Hamburg. Die Preise steigen seit Jahren, nun ziehen auch die Kreditzinsen kräftig an. Was Experten Käufern in der Hansestadt raten.
Erst stiegen nur die Immobilienpreise, jetzt auch die Kreditzinsen. Der Kauf einer Eigentumswohnung oder eines Einfamilienhauses wird immer teurer – und für viele scheinbar unerschwinglich. Doch es gibt noch Möglichkeiten, eine Immobilie mit relativ wenig Eigenkapital zu erwerben – wenn auch mit Abstrichen bei Lage, Größe oder Ausstattung. Auch die Höhe der Kreditzinsen lässt sich beeinflussen.
Was bedeutet das für Immobilienkäufer? Finanzieren die Banken noch großzügig? Helfen KfW-Kredite? Kann im Hamburger Umland der Traum von den eigenen vier Wänden noch erfüllt werden? Das Abendblatt beantwortet die wichtigsten Fragen zum Zinsanstieg beim Baugeld.
Immobilien Hamburg: Warum wird die Finanzierung immer schwieriger?
Es kommen zwei Faktoren zusammen, die vielen jetzt den Immobilienkauf unmöglich machen: stark steigende Zinsen und weiter deutlich steigende Immobilienpreise. Bisher wurden die steigenden Immobilienpreise in Hamburg durch sinkende Zinsen kompensiert. Doch seit Jahresbeginn hat sich die Situation grundlegend gewandelt. Der Zinssatz für Baufinanzierungen – auf 15 Jahre festgeschrieben - lag Anfang des Jahres noch bei 1,50 Prozent und hat sich seitdem mehr als verdoppelt. Gleichzeitig setzte sich der Preisanstieg im ersten Quartal ungebremst fort.

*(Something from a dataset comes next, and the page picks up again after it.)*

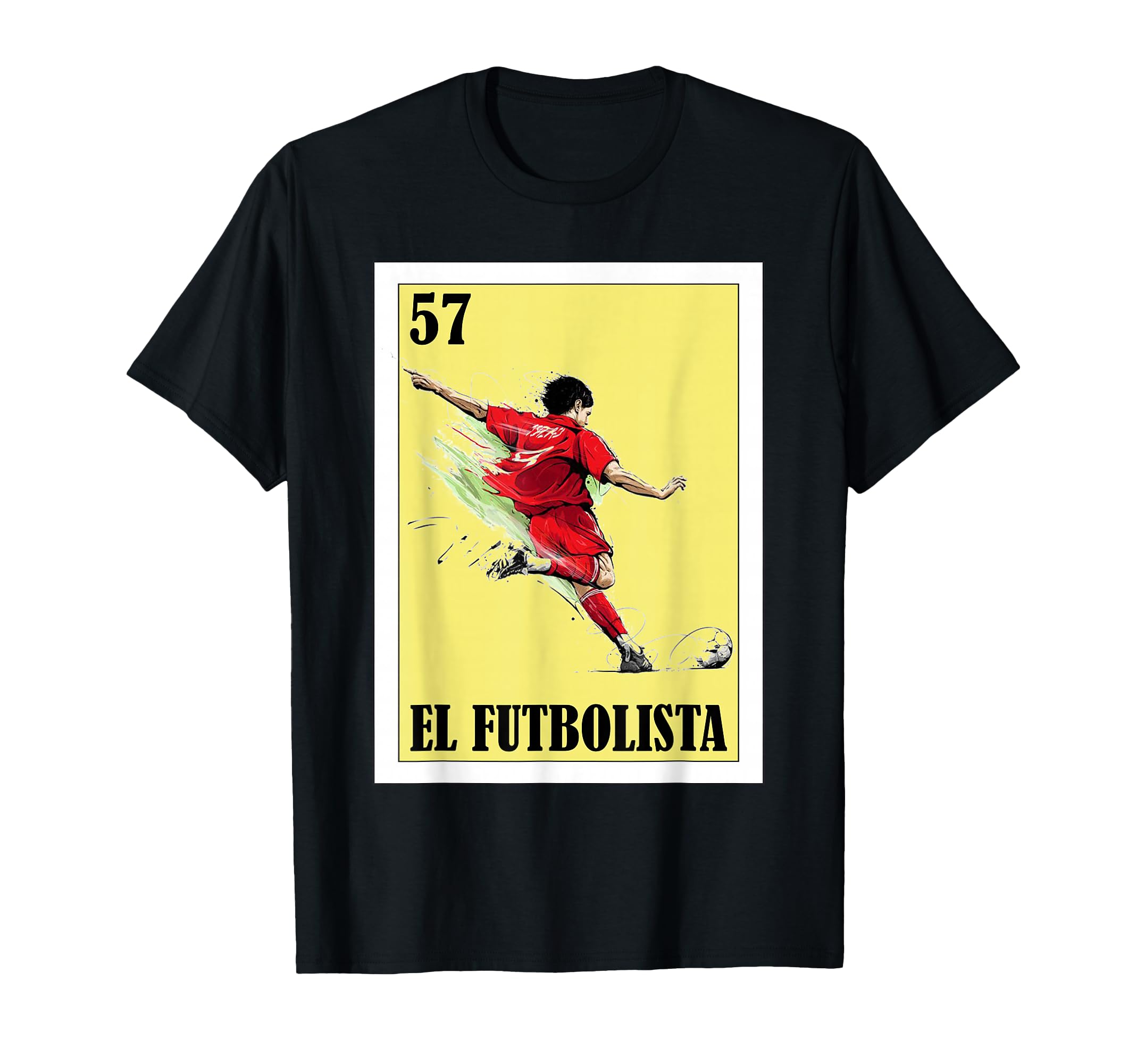 Funny Mexican Soccer El Futbolista T-Shirt - Fun Novelty Design Unisex - T-Shirt, Sweatshirt, Hoodie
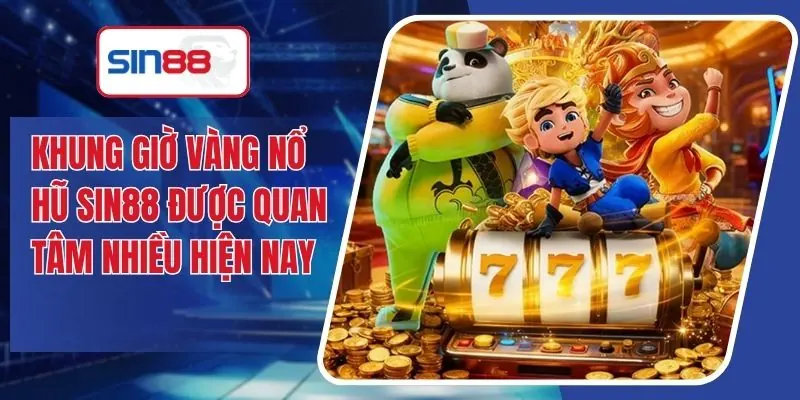 Khung Giờ Vàng Nổ Hũ SIN88 Được Quan Tâm Nhiều Hiện Nay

So ermittelte das Beratungsunternehmen Empirica für Hamburg im ersten Quartal bei Angebotspreisen in den Immobilienportalen einen Anstieg der Quadratmeterpreise bei Einfamilienhäusern um 14 Prozent im Vergleich zum Vorjahreszeitraum. Die Quadratmeterpreise für Eigentumswohnungen kletterten um 10,6 Prozent. „Wenn nur die Zinsen steigen würden, wäre ein langsamer Rückgang der Immobilienpreise eher zu erwarten“, sagt Reiner Braun, Vorstandsvorsitzender der auf den Immobilienmarkt spezialisierten Beratungsfirma Empirica AG. Doch viele würden wegen der steigenden Inflation jetzt noch auf den fahrenden Immobilienzug aufspringen. Ob diese Phase nur Monate anhält oder das ganze Jahr über, sei unklar.
Was sind die Gründe für den starken Zinsanstieg?
„Eine Hauptursache der Zinswende bleibt die Inflation, die unter anderem durch corona- und kriegsbedingte Produktions- und Lieferengpässe sowie Rohstoffknappheit angeheizt wird“, sagt Mirjam Mohr, Vorständin Privatkundengeschäft bei der Interhyp AG, Deutschlands größtem Vermittler privater Baufinanzierungen. Das Ende extrem günstiger Immobilienkredite sei besiegelt.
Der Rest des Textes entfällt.